Although we don’t know what it means when this happens two to three years earlier than it normally does, it could be that teens are being flooded with more intense feelings at a younger age, with less executive functioning capacity.  If you add increased, prolonged stressors, a younger teen with less life experience could be more prone to all kinds of problems, including increased depression, anxiety, and impulsivity.  Correlation is not causation, but it seems reasonable to me to assume that these brain changes could be a causal factor in the increased mental illness rates among teens today.

I suspect if we had MRI technology during other societal crises, such as the Spanish flu pandemic and World Wars I and II, we would have seen similar brain anatomy changes.  We don’t know if this accelerated aging stops at some point, allowing the person’s chronological age to catch up, or if it has permanent long-term effects.

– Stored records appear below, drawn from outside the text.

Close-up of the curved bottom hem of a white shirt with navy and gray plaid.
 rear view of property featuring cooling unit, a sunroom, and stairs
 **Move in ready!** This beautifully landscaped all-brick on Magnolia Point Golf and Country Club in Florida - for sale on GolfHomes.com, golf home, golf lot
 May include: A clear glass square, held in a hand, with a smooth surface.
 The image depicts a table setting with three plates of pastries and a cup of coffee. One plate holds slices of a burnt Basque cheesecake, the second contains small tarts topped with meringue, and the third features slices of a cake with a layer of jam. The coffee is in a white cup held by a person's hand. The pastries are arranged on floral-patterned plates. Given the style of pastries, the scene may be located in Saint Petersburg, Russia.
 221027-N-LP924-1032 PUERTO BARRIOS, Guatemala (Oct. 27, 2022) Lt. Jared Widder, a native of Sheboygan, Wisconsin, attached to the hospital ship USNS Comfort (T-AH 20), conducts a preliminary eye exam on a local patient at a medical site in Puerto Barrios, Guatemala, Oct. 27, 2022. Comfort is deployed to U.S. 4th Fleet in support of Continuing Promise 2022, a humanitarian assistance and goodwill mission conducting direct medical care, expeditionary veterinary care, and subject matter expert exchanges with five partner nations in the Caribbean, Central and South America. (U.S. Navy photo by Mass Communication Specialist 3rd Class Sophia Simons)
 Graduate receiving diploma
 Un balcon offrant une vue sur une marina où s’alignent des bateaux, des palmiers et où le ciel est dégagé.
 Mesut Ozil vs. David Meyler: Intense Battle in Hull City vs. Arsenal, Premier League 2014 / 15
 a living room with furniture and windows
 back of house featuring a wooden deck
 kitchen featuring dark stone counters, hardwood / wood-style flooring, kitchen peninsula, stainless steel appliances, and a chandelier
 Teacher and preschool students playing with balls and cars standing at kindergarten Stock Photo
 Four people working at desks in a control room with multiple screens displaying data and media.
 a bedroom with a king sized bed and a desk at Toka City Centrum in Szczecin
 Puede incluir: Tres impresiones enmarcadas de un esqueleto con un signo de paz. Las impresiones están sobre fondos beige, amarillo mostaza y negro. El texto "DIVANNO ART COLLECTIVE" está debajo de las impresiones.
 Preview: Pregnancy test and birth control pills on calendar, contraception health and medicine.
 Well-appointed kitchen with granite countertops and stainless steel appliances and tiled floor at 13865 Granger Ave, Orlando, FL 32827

So often in our culture, we treat mental illness symptoms as volitional, meaning that a person could choose to feel better or “snap out of it.” However, just as we can’t will a broken leg to heal instantly, we can’t expect teens to be able to fix anatomical brain changes with thoughts and wishes.  Hopefully, this research will inform how we as a society view mental illness among today’s teens and will help us find treatments and solutions to help our future adults.

It will also be interesting to see how colleges and universities deal with this group of teens, who have undergone societal and biological changes that didn’t occur in prior generations. Although schools are attempting to increase the amount of mental health treatment available, it will likely require a larger effort and perhaps systemic changes in how universities are run to help this generation of teens succeed.  Recognizing that what worked ten years ago will not work now would be a key step in improving the educational experiences of “Generation C.”